Emails chiffrés : ProtonMail défend son modèle face à une analyse de sa sécurité

Le monde de la crypto, S25E18
9 min

Dans un article, le chercheur Nadim Kobeissi pointe des faiblesses du modèle de sécurité de ProtonMail, qui propose du chiffrement de bout en bout d'emails. Contactée, la société balaie la critique, revendique des choix de conception communs avec d'autres services sécurisés et interroge les intentions derrière cette étude.

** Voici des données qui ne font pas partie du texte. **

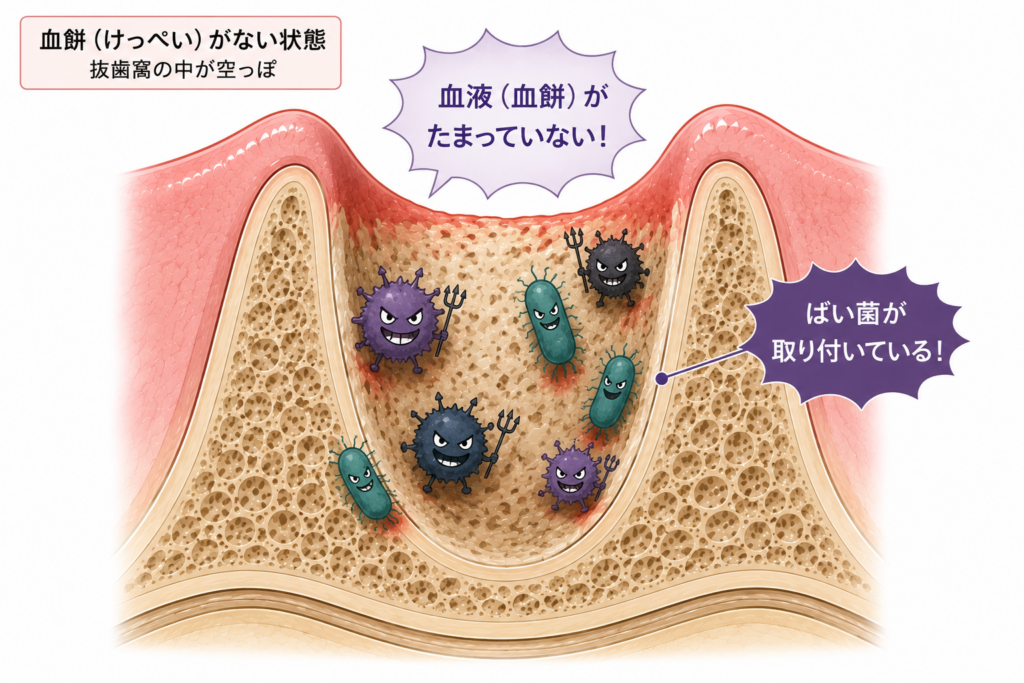 抜歯窩にばい菌が取り付いている様子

Hier, Nadim Kobeissi a publié une analyse formelle de l'architecture de sécurité de ProtonMail (PDF). Professeur à la branche parisienne de la New York University, il est connu pour plusieurs projets, dont Cryptocat et Peerio et pionnier de la cryptographie web (voir notre portrait début 2015). Dans son document, écrit « en quelques jours », il attaque frontalement le service, estimant que son webmail ne fournit pas réellement de chiffrement de bout en bout, pour plusieurs raisons.

« ProtonMail n'a, depuis sa genèse, jamais fourni de garantie de sécurité pour le chiffrement de bout en bout à la majorité de ses utilisateurs », écrit Kobeissi, pensant que la plupart des membres passent par cette version web.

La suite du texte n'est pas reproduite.